Hochul has already increased reserve funds from 4% of the total budget to 15% by the end of the new fiscal year, for a total of $24 billion.
Patrick Orecki with the fiscal watchdog group Citizens Budget Commission said the governor is smart to set aside money for the future.
“In the short term, accelerating the deposits to the reserves are a really, really good thing. That’s big,” Orecki said. “And being prepared for a recession is really important.”
But he said the reserves aren’t enough to offset the proposed spending increases that will cause a “fiscal cliff.” He said that could cause deficits as large as $9 billion in just a couple of years.
Orecki believes the higher-than-expected tax revenue collections are an anomaly because of the changes to deducting state and local taxes, known as SALT, from federal tax returns.
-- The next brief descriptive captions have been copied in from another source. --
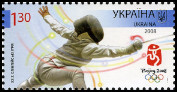 Briefmarken Y&T N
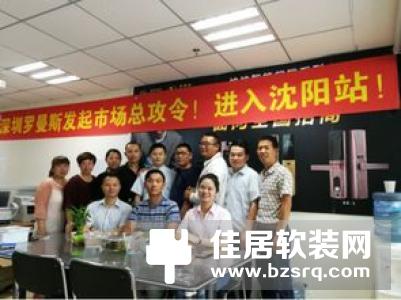 五月荣事达智能家居终端市场活动不停
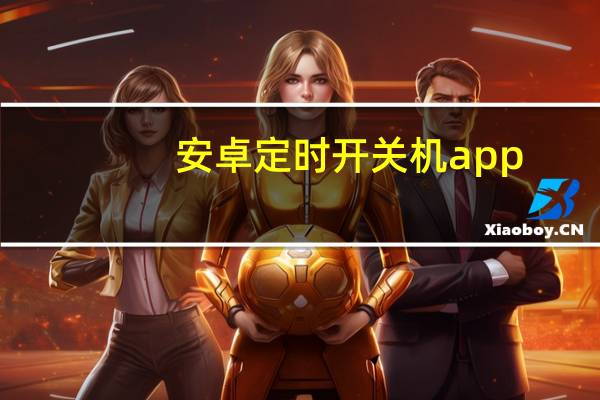 安卓定时开关机app（安卓定时开关机）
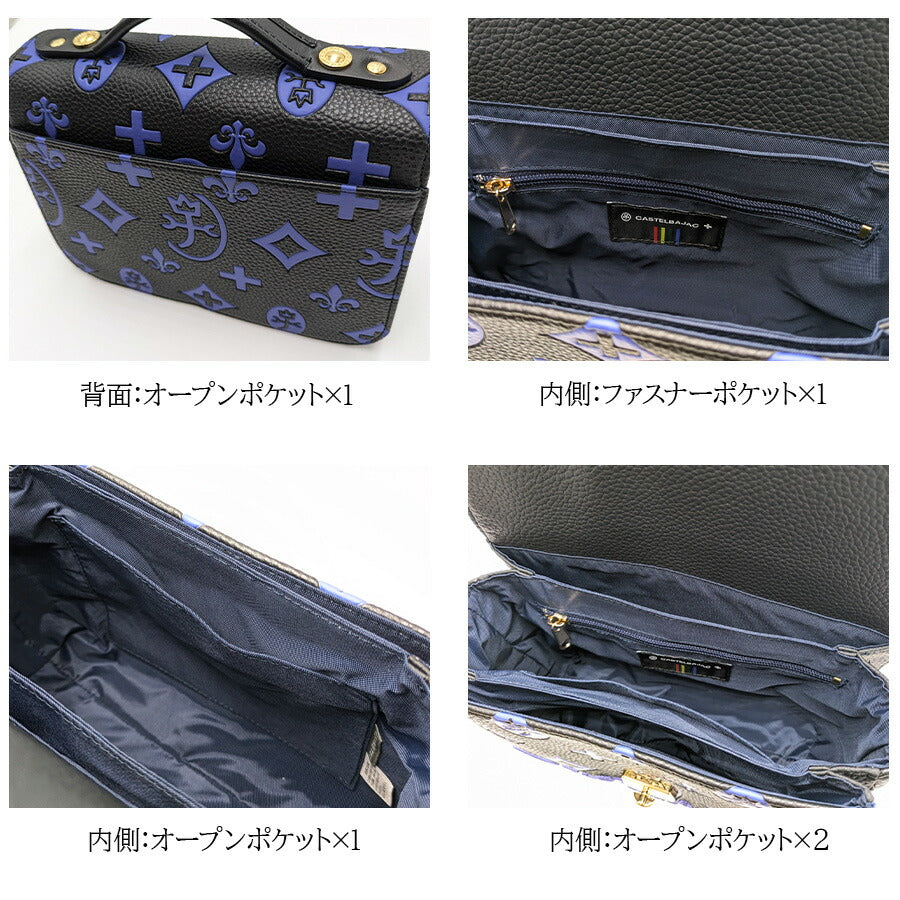 【正規取扱店】【CASTEL BAJAC】[クレアシリーズ] 068131 ハンドバッグ 手持ち 鞄 バッグ コンパクト ブランド バジャック プレゼント 贈り物 ギフト
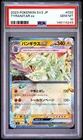 Pokemon SV3-Ruler Of The Black Flame Tyranitar EX #032/108 RR Japanese PSA 10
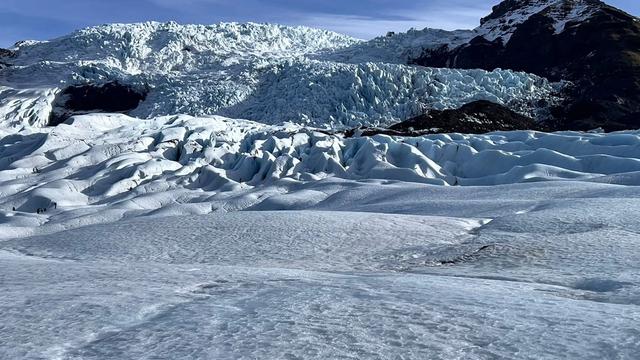 Skaftafell Glacier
He said the governor’s own budget office predicted that tax revenues will start to decline beginning next year.
The budget office also said more bad news is in store. It expects wage growth to slow by 2.4%, and said Wall Street bonuses, which are a significant source of tax revenue for the state, could decline by 27%.
Traditionally, the governor’s budget proposal represents the floor for state spending, and the Legislature then tries to increase it. But Orecki said lawmakers would be wise to curb that impulse this year.
“An emphasis on restraining spending now, and trying not to grow those gaps any further, is really important,” Orecki said. “It will make closing them in the future easier.”
The state Senate and Assembly are due to release their spending proposals on March 14.